Keep the Promise: What Changes When Lawyers Lead Themselves First

The problem isn’t your calendar. The problem is how you’re relating to the commitments you make to yourself. The paradox is this: when you start keeping promises to yourself, you not only build internal integrity—you elevate your external influence. When you consistently keep promises to yourself, four things happen…

I almost didn’t show up.

After a long international road trip, van trouble, and a disrupted routine, the temptation was real: skip the live presentation. Or mail it in. Just this once.

But I didn’t. I showed up—because I made a promise.

Not for the audience because, to be honest, depending on the platform, I sometimes don’t know if there are 1,000 people watching, or 0.

The promise I made was to myself. I would show up and talk about something impactful, something that could change one person’s way of thinking and, just maybe, their life. I would show up and play full out.

Since January 2023, I’ve shown up every month for a live presentation, whether people attend live or catch the replay. (As of today, that’s 29 live presentations.) This isn’t marketing. This isn’t lead generation. This is a commitment I made to myself: I will deliver one live presentation per month because it aligns with who I am, the work I do, and the promise I’ve made—to myself—for myself.

And that’s what this post is about: the promises lawyers keep, and the one type of promise we too often break.

Lawyers Are Excellent at Keeping Promises—to Everyone Else.

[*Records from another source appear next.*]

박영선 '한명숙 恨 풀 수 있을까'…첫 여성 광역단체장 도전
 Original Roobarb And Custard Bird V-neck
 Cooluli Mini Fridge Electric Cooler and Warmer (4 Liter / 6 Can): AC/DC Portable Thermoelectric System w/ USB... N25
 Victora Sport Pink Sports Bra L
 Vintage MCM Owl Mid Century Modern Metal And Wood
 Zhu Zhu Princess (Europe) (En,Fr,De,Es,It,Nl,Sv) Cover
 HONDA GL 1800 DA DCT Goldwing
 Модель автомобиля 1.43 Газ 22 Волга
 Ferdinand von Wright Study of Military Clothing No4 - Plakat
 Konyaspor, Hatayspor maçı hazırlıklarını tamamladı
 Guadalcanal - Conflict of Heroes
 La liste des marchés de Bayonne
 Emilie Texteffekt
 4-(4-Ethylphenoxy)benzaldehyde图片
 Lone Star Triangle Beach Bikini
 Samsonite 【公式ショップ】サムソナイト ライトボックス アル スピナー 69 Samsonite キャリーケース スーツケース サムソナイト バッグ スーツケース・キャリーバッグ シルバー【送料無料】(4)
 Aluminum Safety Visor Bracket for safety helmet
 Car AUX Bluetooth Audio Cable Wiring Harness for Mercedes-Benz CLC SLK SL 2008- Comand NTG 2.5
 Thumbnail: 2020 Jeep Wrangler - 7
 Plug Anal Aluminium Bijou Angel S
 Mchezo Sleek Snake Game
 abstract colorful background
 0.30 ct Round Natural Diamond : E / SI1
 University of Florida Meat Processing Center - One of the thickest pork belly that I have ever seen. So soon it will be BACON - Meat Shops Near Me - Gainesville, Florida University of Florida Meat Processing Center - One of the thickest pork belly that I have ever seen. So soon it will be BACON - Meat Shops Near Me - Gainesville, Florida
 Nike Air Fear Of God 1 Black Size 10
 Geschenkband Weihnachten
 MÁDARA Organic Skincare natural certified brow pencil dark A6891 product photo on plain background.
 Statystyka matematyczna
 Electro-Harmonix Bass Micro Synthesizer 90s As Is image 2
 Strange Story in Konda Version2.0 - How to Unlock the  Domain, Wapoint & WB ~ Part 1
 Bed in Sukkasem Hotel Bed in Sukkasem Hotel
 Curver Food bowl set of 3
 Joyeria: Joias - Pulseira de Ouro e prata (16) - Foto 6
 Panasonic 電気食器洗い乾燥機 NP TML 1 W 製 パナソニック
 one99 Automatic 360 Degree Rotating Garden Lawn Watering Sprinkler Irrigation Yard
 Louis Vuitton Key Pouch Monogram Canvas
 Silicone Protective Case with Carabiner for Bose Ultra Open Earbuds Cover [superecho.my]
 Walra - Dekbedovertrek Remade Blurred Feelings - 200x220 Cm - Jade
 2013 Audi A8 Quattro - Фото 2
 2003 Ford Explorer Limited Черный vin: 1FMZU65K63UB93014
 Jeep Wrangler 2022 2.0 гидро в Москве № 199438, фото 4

Let’s be clear: the lawyers I coach, those Accomplished Seekers, are some of the most disciplined professionals on the planet. They keep their promises. They wouldn’t be extraordinarily successful if they didn’t.

To clients? Absolutely. You don’t miss deadlines. You show up in court. You meet your obligations. You do what you say you’ll do with the goal of serving the client and creating an evangelist for your firm.

To partners? You don’t leave your colleagues hanging. They count on you and you count on them. Simple.

To your team? You set expectations and follow through. You do what you say you’ll do and expect them to do the same.

To judges and courts? You comply with the rules of the game—even when it’s chaos behind the scenes.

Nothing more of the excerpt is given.